Aku selalu tersenyum mendengar pertanyaan-pertanyaan mereka, “Karena sabar dan berusaha itu adalah cara kita untuk mengubah dunia. Karena belajar dan berdoa itu adalah cara kita untuk mendapatkan ridho Allah. Karena dengan bersatu itu merupakan cara kita untuk mencapai perdamaian,” ulasku kepada mereka.
“Bagaimana kita bisa mengubah dunia? Bagaimana kita bisa mendapatkan ridho Allah? Bagaimana kita bisa mencapai perdamaian?” Ahmed berteriak tidak mau kalah dari teman-temannya.
“Kita bisa mengubah dunia dengan pendidikan. Kita bisa mendapatkan ridho Allah dengan ibadah. Kita bisa mencapai perdamaian dengan toleransi,” jelasku kepada Ahmed yang bercita-cita ingin menjadi dokter.
***
Memang tidak mudah untuk mengajar di tengah-tengah konflik dan ketidakadilan politik seperti yang kami alami saat ini. Kadang-kadang, kami harus menghentikan pelajaran karena mendengar suara ledakan atau tembakan. Kami harus berlindung di bawah meja atau di ruang bawah tanah. Kami harus menangisi kematian teman-teman atau keluarga kami yang menjadi korban kekejaman tentara Israel. Kami harus menghadapi intimidasi atau penghinaan dari tentara Israel yang merazia sekolah kami.
Tapi aku tidak pernah menyerah atau putus asa. Aku selalu berusaha untuk memberikan semangat dan motivasi kepada murid-muridku. Aku selalu berusaha untuk menunjukkan kepada mereka bahwa ada kebaikan dan keindahan di dunia ini. Aku selalu berusaha untuk membantu mereka mengembangkan bakat dan minat mereka. Aku selalu berusaha untuk membuat mereka tertawa dan bahagia.
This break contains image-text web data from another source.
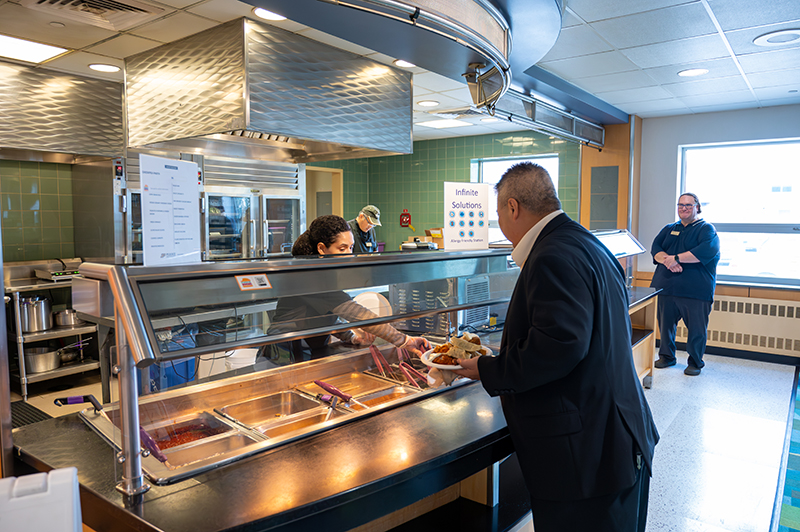 Man orders food from Infinite Solutions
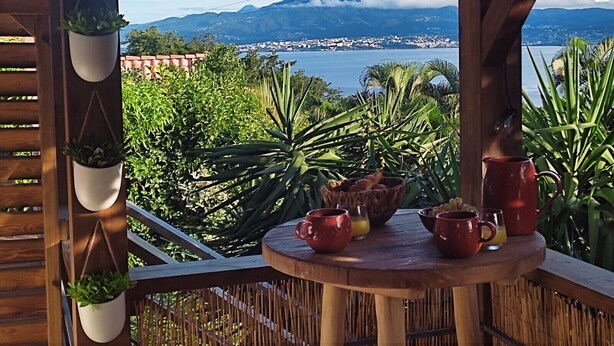 A wooden deck with a table set for breakfast, overlooking a coastal city and mountains. - A little corner of paradise (Les Trois-Îlets)
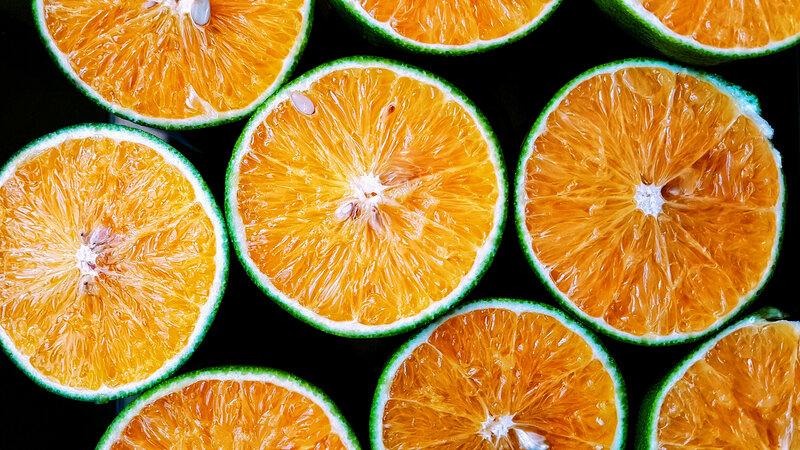 sliced oranges on black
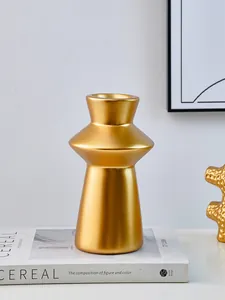 Modern gold lighthouse decorative resin vase placed on a stylish book for home decor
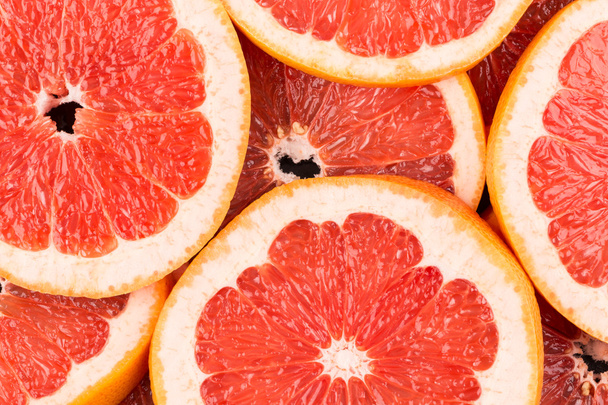 Grapefruit slices close up - Foto, immagini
Aku mengatasi tantangan dalam hidupku dengan iman, harapan, dan cinta. Aku percaya bahwa Allah akan memberiku kekuatan dan perlindungan. Aku berharap bahwa suatu hari nanti, konflik akan berakhir dan perdamaian akan tercipta. Aku mencintai pekerjaanku sebagai guru dan murid-muridku sebagai keluargaku. Aku juga mendapatkan dukungan dari istri dan komunitasku di kamp pengungsi. Aku tidak pernah kehilangan semangat dan optimisme untuk hidup.
Aku Fathian al Ayyubi seorang guru sekolah dasar dari Palestina yang tinggal di sebuah kamp pengungsian di Tepi Barat. Ini adalah cerita tentang cara aku mengatasi tantangan dalam hidupku.